[PROBLEM]: Filter the listing below, please, and copy only the lines with the word "Speed".

[SOURCE INFORMATION]:
╔══

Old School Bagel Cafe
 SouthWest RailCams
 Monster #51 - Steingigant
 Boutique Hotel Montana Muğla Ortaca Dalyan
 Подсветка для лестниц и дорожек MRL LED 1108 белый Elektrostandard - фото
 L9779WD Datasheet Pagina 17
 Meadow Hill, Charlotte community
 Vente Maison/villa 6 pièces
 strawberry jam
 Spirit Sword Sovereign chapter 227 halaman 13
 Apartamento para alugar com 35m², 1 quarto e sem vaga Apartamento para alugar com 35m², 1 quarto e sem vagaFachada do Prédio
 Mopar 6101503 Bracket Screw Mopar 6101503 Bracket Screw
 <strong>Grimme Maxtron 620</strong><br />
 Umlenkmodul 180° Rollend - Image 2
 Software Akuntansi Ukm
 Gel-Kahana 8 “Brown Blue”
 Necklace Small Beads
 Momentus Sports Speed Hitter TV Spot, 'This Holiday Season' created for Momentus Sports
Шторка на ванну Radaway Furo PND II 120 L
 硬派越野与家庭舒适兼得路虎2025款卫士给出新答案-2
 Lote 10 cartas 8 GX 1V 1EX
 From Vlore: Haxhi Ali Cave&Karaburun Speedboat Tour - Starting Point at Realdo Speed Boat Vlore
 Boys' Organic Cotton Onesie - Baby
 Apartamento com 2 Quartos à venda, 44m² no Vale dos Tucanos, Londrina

╚══

[EXERCISE RESPONSE]:
 Momentus Sports Speed Hitter TV Spot, 'This Holiday Season' created for Momentus Sports
 From Vlore: Haxhi Ali Cave&Karaburun Speedboat Tour - Starting Point at Realdo Speed Boat Vlore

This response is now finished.